John Lundberg: A Poem That Rages Against the Machine

A number of musicians, including Rufus Wainwright, Pete Seeger and Arlo Guthrie, have performed at Occupy Wall Street, and many others, like Katy Perry and Kanye West, have stopped by to show solidarity. But Zack de la Rocha, best known as the frontman for the band Rage Against the Machine, went a different route to express his support for protestors: he decided to write a poem for the movement.

De la Rocha’s poem is both a condemnation and a call to action. It first paints a bleak picture of the state of the country: our factories are “barren,” our schools “boarded,” and our fields are “rotting.” And, in what I read as a scathing portrayal of the so-called 1 percent, “gold dipped vultures pick at what is left.”

De la Rocha also paints a picture of a growing insurrection. Protests spread through the city’s bloodstream, with participants “moving like the shadows/Through the alley ways.” And a buried but still smoldering fury threatens to burn down the “walls of a dying order.” In one of the poem’s best lines, he notes that, together, “All sparks are counted.”

Fire is often used as a symbol of revolution in poetry. On the surface, it conveys violence, but it also carries a sense of cleansing and rebirth.
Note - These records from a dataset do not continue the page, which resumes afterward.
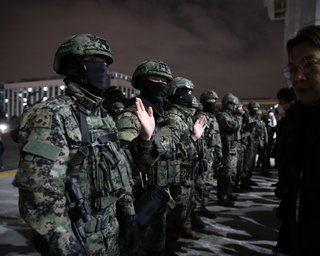 Рекорд за тривалістю воєнного стану: що відбувається в Південній Кореї та хто за цим стоїть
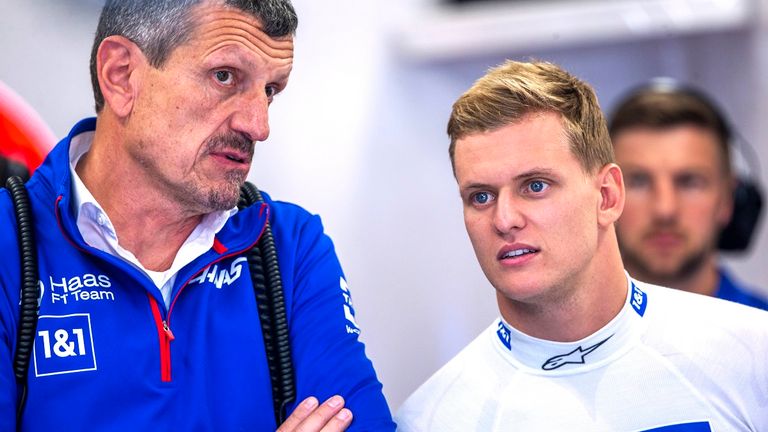 Teamchef Günther Steiner hat sich zur Zukunft von Mick Schumacher geäußert. 
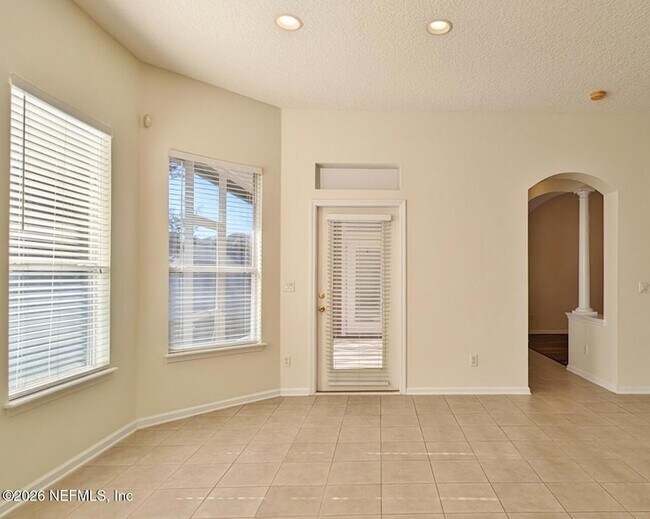 Building Photo - 3120 Double Oaks Dr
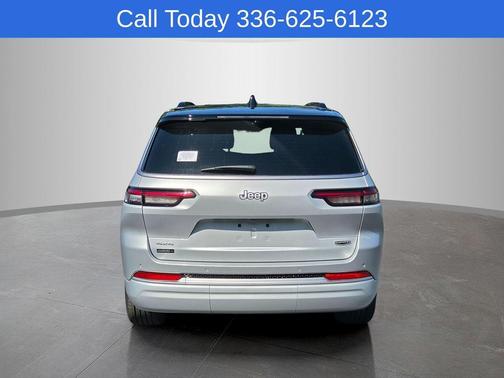 Silver Zynith 2026 Jeep Grand Cherokee L Summit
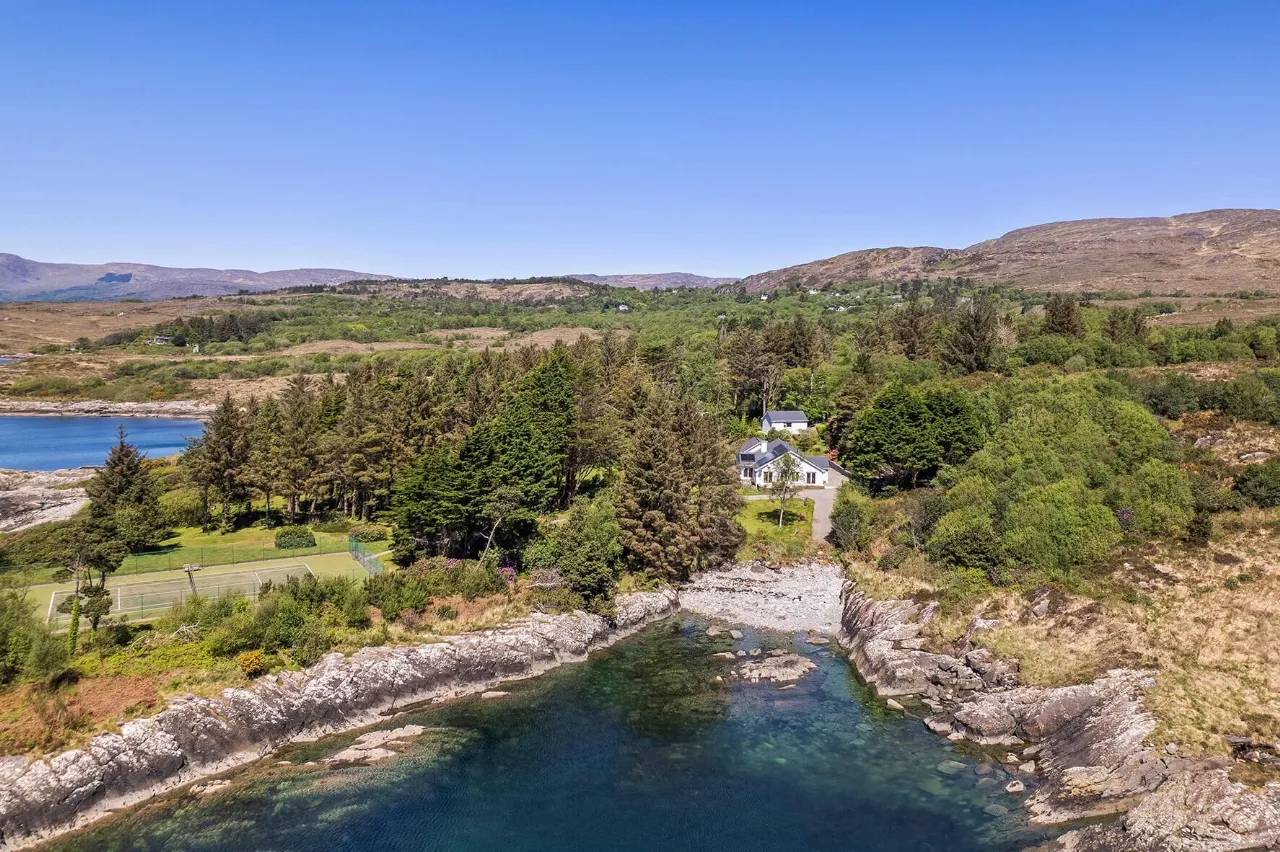 Photo of Vale Cove, Ardnaturrish Beg, Glengarriff, Co. Cork, P75 Y500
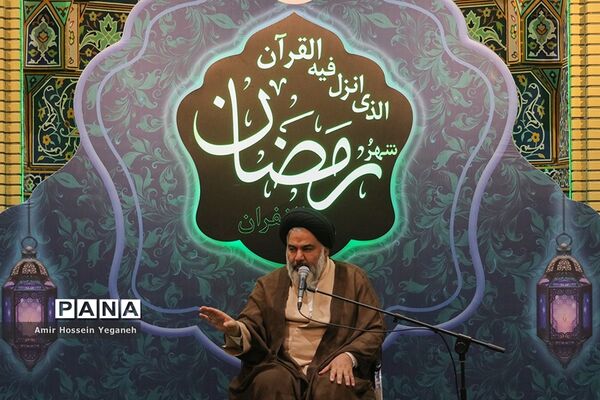 مراسم سخرانی حجت اسلام علیرضا تراشیون در مسجد حضرت زینب جزیره کیش
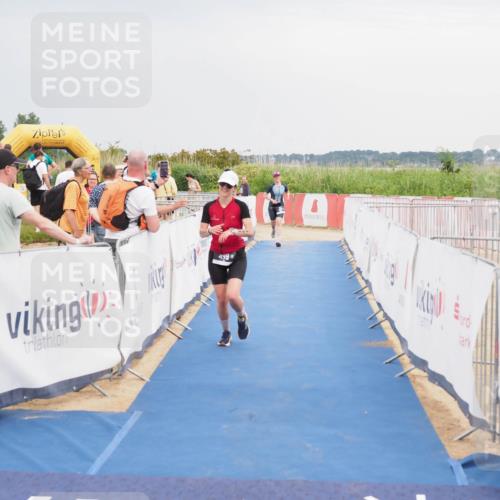22.06.2025 - Viking Triathlon MichiJ http://msf.ph/oto/8116061 22.06.2025 16:49:55 Ziel 477, 499 meine-sportfotos.de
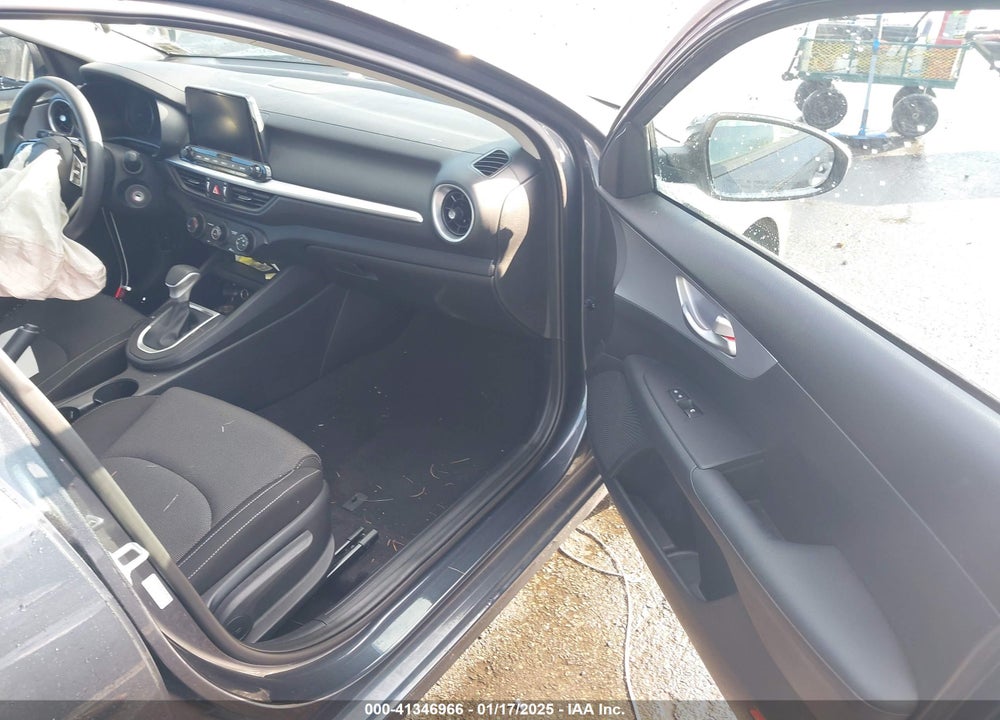 2024 KIA FORTE VIN: 3KPF24AD2RE709398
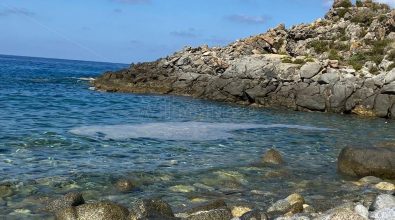 Mare sporco e schiuma rovinano il finale di stagione lungo la costa tirrenica – Video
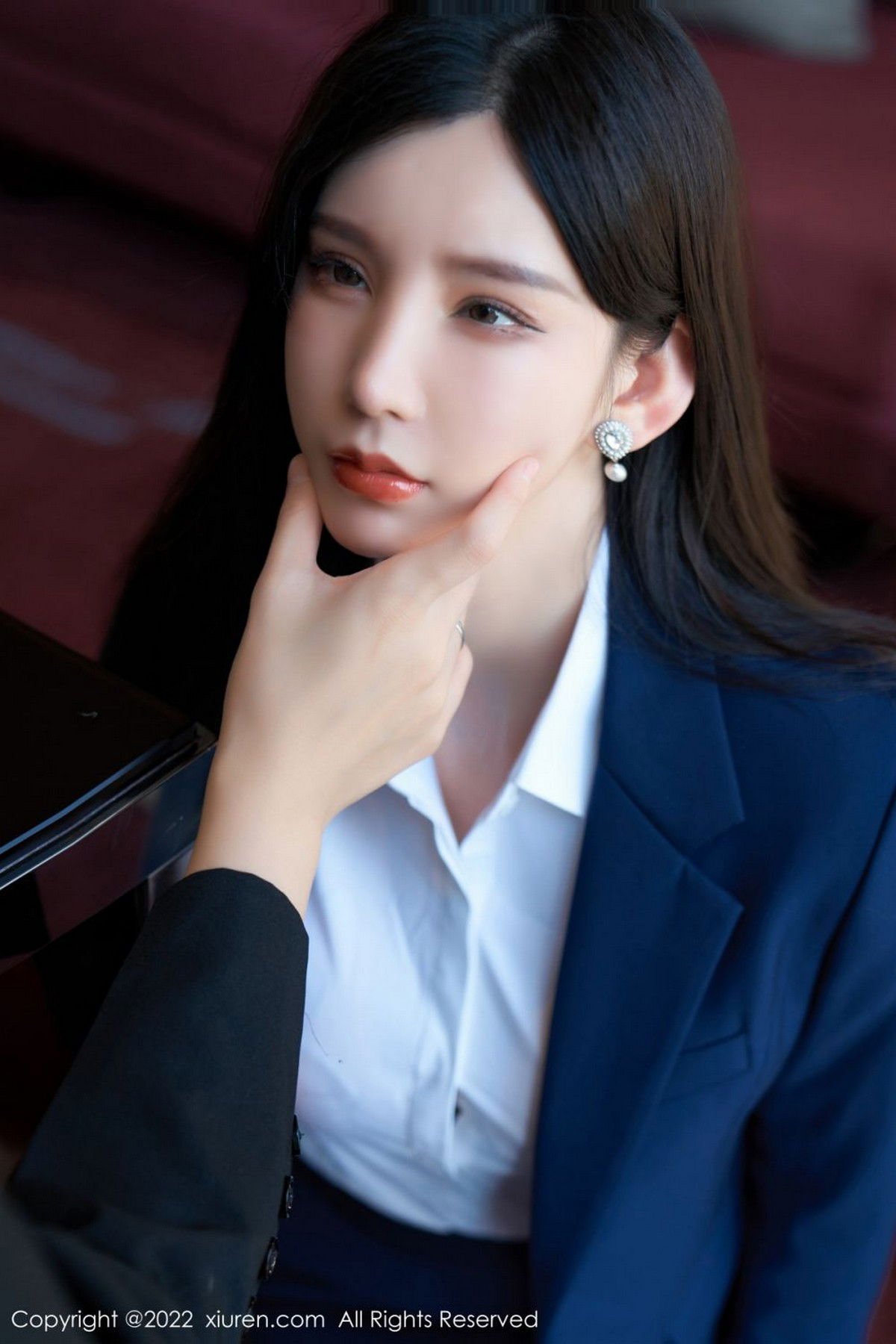 152206eilf228zu9e27cue.jpg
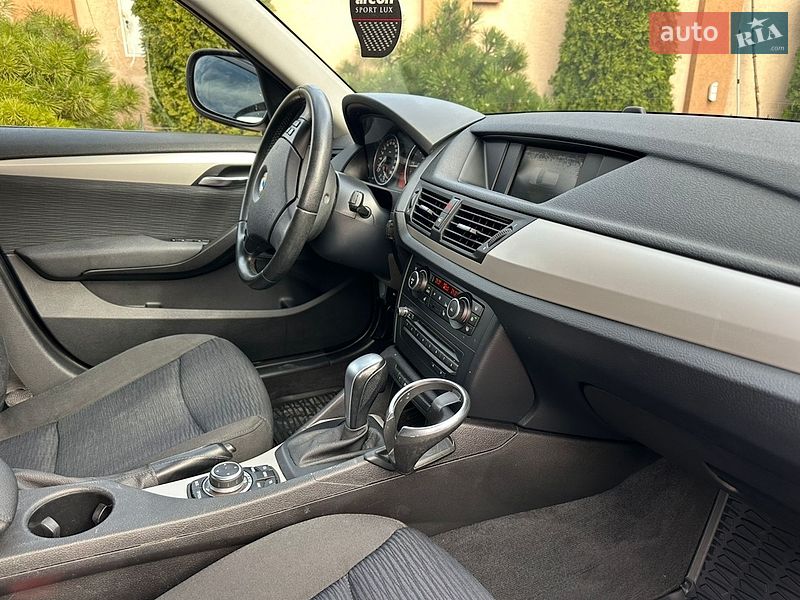 Внедорожник / Кроссовер BMW X1 2011 в Мукачево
Hence, de la Rocha’s flame, while unmistakably violent, is also a “bonfire of hope” that will “restore tomorrows meanings.”

De la Rocha released the poem with a simple statement: “This poem is dedicated to the Occupy movement whose courage is changing the world. Stay Strong. We are winning.” Here it is in full:

The beginning spills through city veins
Into the arteries
And under powers poison clouds
We move like the shadows
Through the alley ways
Through nightmares bought and sold as dreams 

Through barren factories 

Through boarded schools 

Through rotting fields 

Through the burning doors of the past 

Through imaginations exploding 

To break the curfews in our minds

Our actions awaken dreams of actions multiplied 

A restless fury 

Once buried like burning embers 

Left alone to smolder 

But together stacked under the walls of a dying order 

All sparks are counted 

Calloused hands raised in silence 

Over the bonfire of hope unincorporated 

It’s flame restores tomorrows meaning 

Across the graveyards of hollow promises 

As gold dipped vultures pick at what is left of our denial

And the youngest among us 

Stare at us stoned like eyes determined 

And say 
Death for us may come early
Cause dignity has no price 

At the corner of now and nowhere 

Anywhere 

Everywhere 

Tomorrow is calling 

Tomorrow is calling
Do not be afraid

The poem’s incantatory ending, “Tomorrow is calling/Tomorrow is calling/Do not be afraid,” is both a call for strength and for action. And it’s a little chilling that de la Rocha prefaces this call by noting how the “youngest among us,” standing “at the corner of now and nowhere,” appear ready to give up their lives for the cause, because “dignity has no price.” It’s a powerful bit of verse, but let’s hope those lines don’t prove prophetic.